Structure of DNA actively involved in genome regulation, study shows
Researchers have shown that topoisomerase TOP2A eliminates negative supercoiling, causing an increase in the number of turns of DNA strands and impacting gene expression.
Researchers have shown that the supercoiling characteristic of DNA‘s structure controls gene expression, rather than being a collateral damage to be solved as had been thought to date. The study was conducted at the Spanish National Cancer Research Centre (CNIO), in collaboration with other researchers.
According to the researchers, the two metres of (stretched) DNA contained in human cells are continuously twisting and untwisting to give access to genetic information. When a gene is expressed to generate a protein, the two strands of DNA are separated to give access to all the machinery necessary for this expression, resulting in an excessive accumulation of coiling that needs to be resolved later.
“These results are a first step towards understanding supercoiling as an important regulator of the genome and not only as a problem associated with the metabolism of DNA,” said lead researcher Felipe Cortés.
The team say that this regulation occurs mainly on specific genes, namely those that are induced very quickly – hundreds of times in only a few minutes – such as the genes that respond to stress, cell proliferation signals, hormones or those involved in neuronal stimulation.

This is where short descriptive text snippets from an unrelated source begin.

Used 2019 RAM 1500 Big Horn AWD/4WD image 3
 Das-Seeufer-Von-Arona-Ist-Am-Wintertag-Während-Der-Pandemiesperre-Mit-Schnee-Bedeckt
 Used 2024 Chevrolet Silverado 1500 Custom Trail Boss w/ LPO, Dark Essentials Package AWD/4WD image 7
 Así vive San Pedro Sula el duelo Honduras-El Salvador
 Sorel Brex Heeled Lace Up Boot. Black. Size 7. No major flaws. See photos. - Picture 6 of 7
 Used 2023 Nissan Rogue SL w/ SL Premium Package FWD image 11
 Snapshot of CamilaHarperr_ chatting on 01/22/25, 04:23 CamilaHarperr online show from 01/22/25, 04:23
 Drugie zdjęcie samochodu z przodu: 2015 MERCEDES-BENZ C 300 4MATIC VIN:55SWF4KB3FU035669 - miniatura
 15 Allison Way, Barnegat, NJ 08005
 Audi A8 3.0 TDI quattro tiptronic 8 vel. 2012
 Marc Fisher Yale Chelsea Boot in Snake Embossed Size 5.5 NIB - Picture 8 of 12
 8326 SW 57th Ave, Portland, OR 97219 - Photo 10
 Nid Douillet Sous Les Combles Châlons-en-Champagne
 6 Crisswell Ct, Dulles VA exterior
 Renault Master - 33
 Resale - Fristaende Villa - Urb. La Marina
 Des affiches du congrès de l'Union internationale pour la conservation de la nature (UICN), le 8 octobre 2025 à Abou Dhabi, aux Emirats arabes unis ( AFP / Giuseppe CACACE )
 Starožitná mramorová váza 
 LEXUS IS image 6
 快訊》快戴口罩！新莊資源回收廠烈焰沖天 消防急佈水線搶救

Topoisomerases are proteins that act on DNA, relaxing this topological stress by eliminating both an excess (positive supercoiling) and a defect (negative supercoiling) in the number of turns of the double helix compared to its normal relaxed structure.
The researchers demonstrated in this study that topoisomerase TOP2A eliminates negative supercoiling at gene promoters, thereby causing an increase in the number of turns of DNA strands in these regions. This hinders the opening of the double helix, preventing the RNA polymerase from advancing and leaving it ready to quickly trigger gene activation when required by the cell.
“Topoisomerases are considered gene activation facilitators, although here we demonstrate that topoisomerase TOP2A acts in the promoter regions of genes such as c-FOS [cell proliferation regulator] to keep them repressed, but creating a particular topological context that allows them to be activated quickly in order to provide an immediate response to stimuli,” said Cortés.
The researchers also suggest the possibility of other functions of DNA supercoiling, such as facilitating a three-dimensional (3D) conformation of the genome favouring interactions between regulatory elements for gene expression.
This new form of genomic regulation through supercoiling highlights its potential involvement in processes that are fundamental to cell function and that require profound changes in gene expression programmes, such as cell differentiation or reprogramming, as well as in tumour transformation and progression.
“The paper also opens up the possibility of using topoisomerase inhibitors to modulate these processes and cellular responses and perhaps even as possible antitumour therapies,” concluded Cortés.
The results are published in Cell Reports.